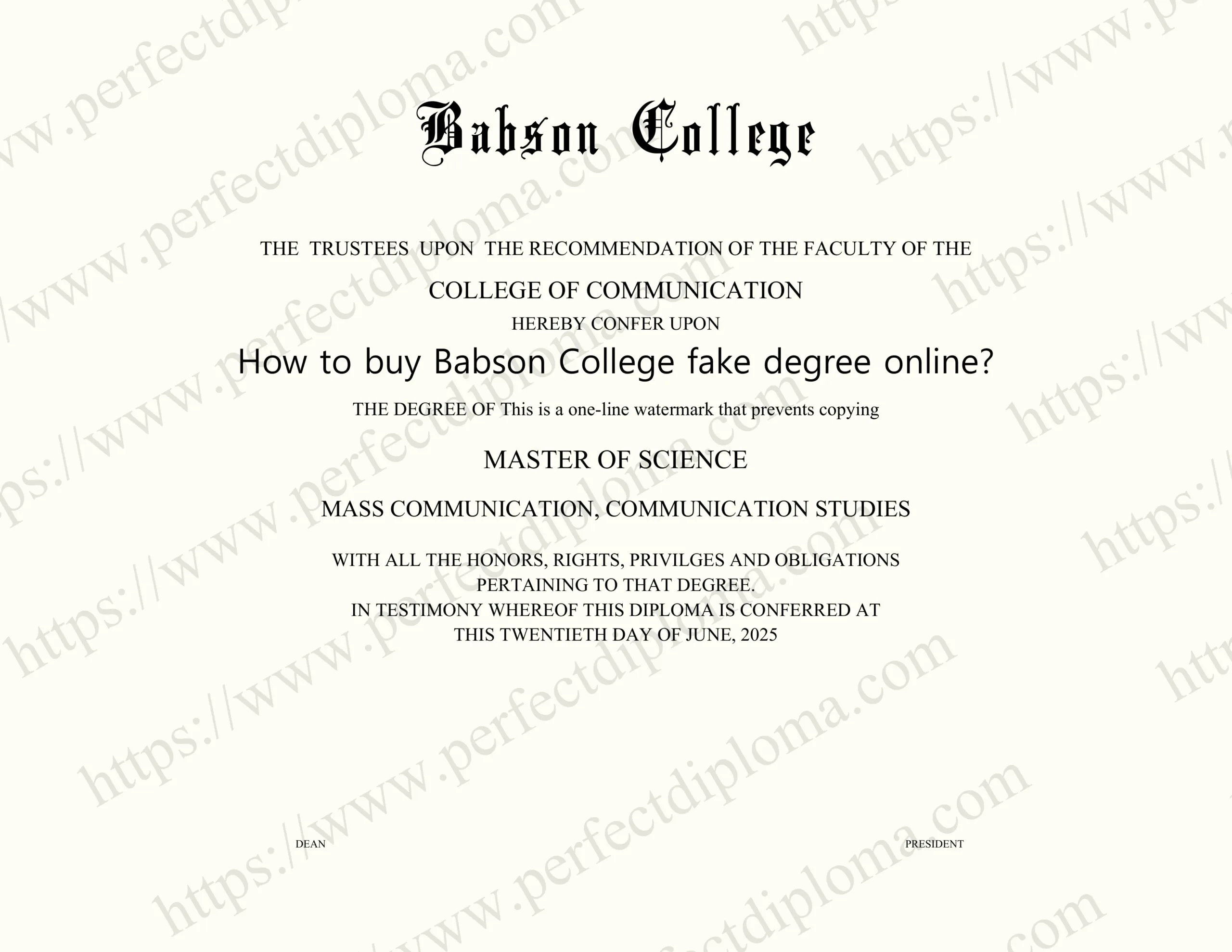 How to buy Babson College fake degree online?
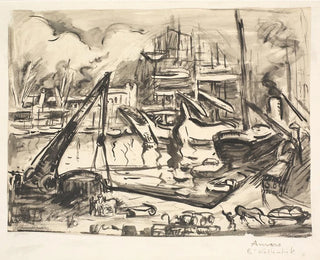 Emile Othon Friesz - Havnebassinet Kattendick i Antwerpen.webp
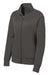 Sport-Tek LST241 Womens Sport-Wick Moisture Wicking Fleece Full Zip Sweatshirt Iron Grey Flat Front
++++++++++++++++++++
Your goal:
Word for word, write out the whole listing, keeping none of the pictures.

Response box:
 How to buy Babson College fake degree online?
 Emile Othon Friesz - Havnebassinet Kattendick i Antwerpen.webp
 Sport-Tek LST241 Womens Sport-Wick Moisture Wicking Fleece Full Zip Sweatshirt Iron Grey Flat Front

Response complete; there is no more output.